Right. My concern wasn't about safety of allocation, but rather about
it being drawn from a limited pool and potentially returning -ENOMEM
even if the system is not actually out of memory.

I guess only the actual usage in a big fleet will show how often
-ENOMEM comes up. It might be not a problem at all, which is why I'm
saying that my worries might be overblown.

>
>
> That's not to say that I'm happy about adding a fallible bpf_mem_alloc call here
> before the kfunc can do anything useful. But it seems like the best way to
> guarantee that we never see a mailing list message like:
>
>   Hello, I just added a field to 'struct ma_state' in my subsystem and it seems
>   I've triggered a BUILD_BUG_ON in this far-away BPF subsystem. It looks like
>   you're making stability guarantees based on the size of my internal struct.
>   What the hell?
>
> Sure, after I remove the kfuncs and struct bpf_iter_task_vma fwd decl from
> bpf_helpers.h - per your other comment below - we can do the whole "kfuncs
> aren't uapi and this struct bpf_iter_task_vma is coming from vmlinux.h,
> not some stable header" spiel and convince this hypothetical person.

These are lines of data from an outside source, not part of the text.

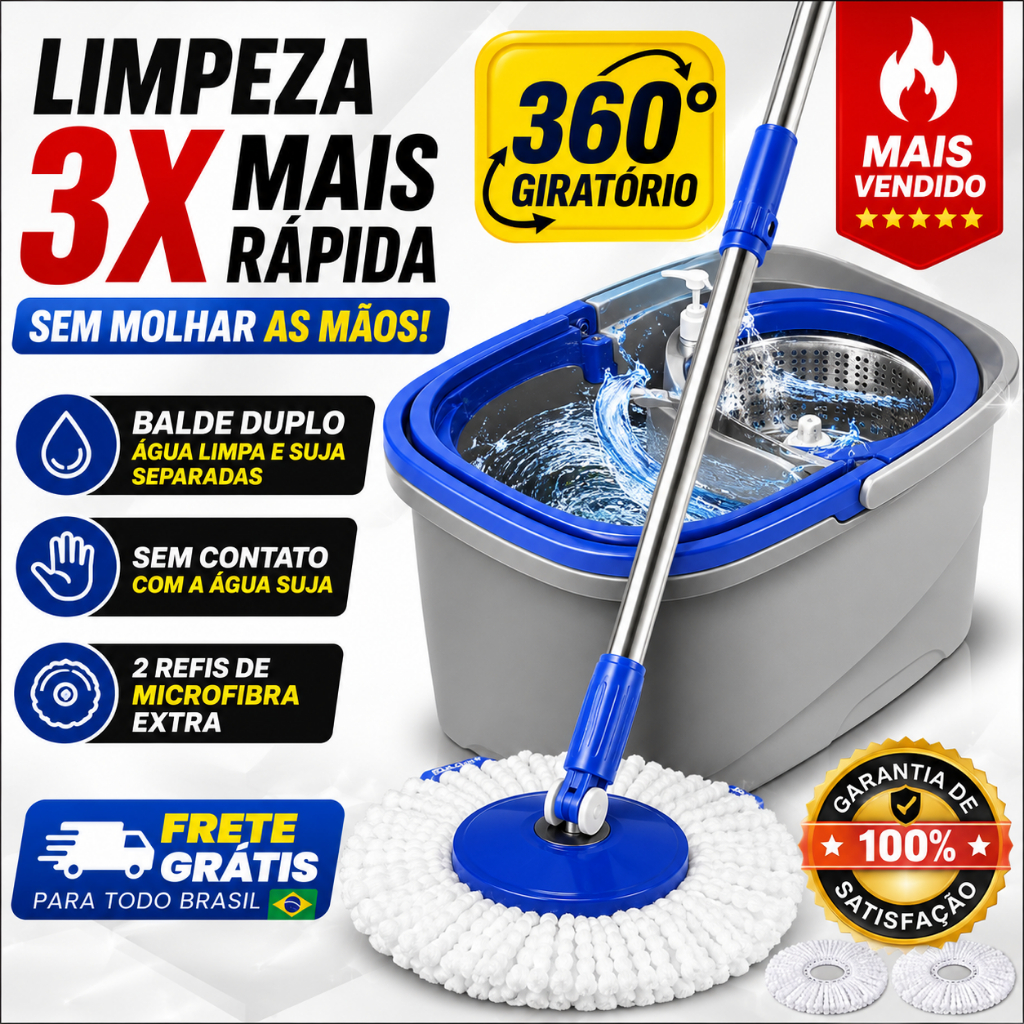 Mop Giratório 360° Balde Duplo Lavagem e Secagem Limpeza Prática Profissional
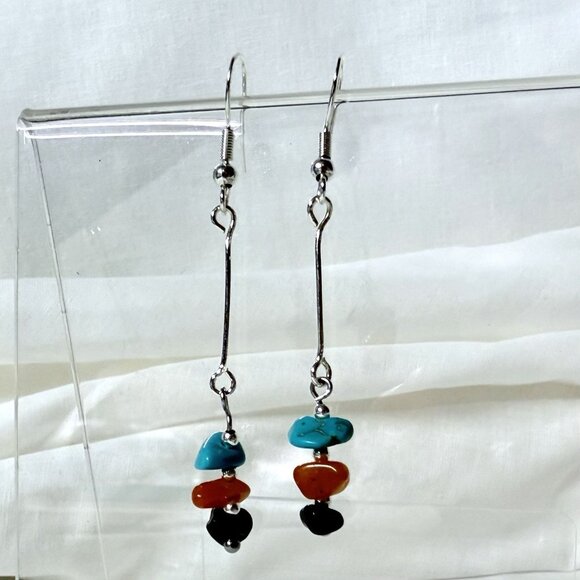 REIMAGINED Carnelian, Agate, Howlite Beaded Earrings on Sterling Silver Hooks - Picture 1 of 5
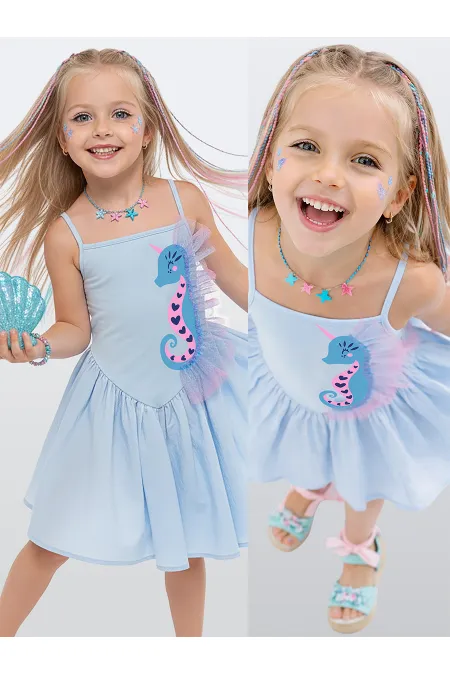 Seahorse Girl's Ruffled Blue Dress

Not having
> to do the spiel here reinforces the more general "Modern BPF exposes
> functionality w/ kfuncs and kptrs, which are inherently _unstable_" messaging
> more effectively than having to explain.
>
>
> If we go back to putting struct vma_iterator on the BPF stack, I think we
> definitely want to keep the BUILD_BUG_ON. If it were removed and vma_iterator
> size changes, that would affect portability of BPF programs that assume the old
> size of bpf_iter_task_vma, no? Which bpf_for_each is doing since it puts
> bpf_iter_task_vma on the stack.

Yes, I think we'll have to have BUILD_BUG_ON. And yes, whoever
increases vma_iter by more than 13 bytes will have to interact with
us.

But my thinking was that in *unlikely* case of this happening, given
the unstable API rules, we'll just drop "v1" of task_vma iterator,
both kfuncs and iter struct itself, and will introduce v2 with a
bigger size of the state. We definitely don't want to just change the
size of the iter state struct, that will cause not just confusion, but
potentially stack variables clobbering, if old definition is used.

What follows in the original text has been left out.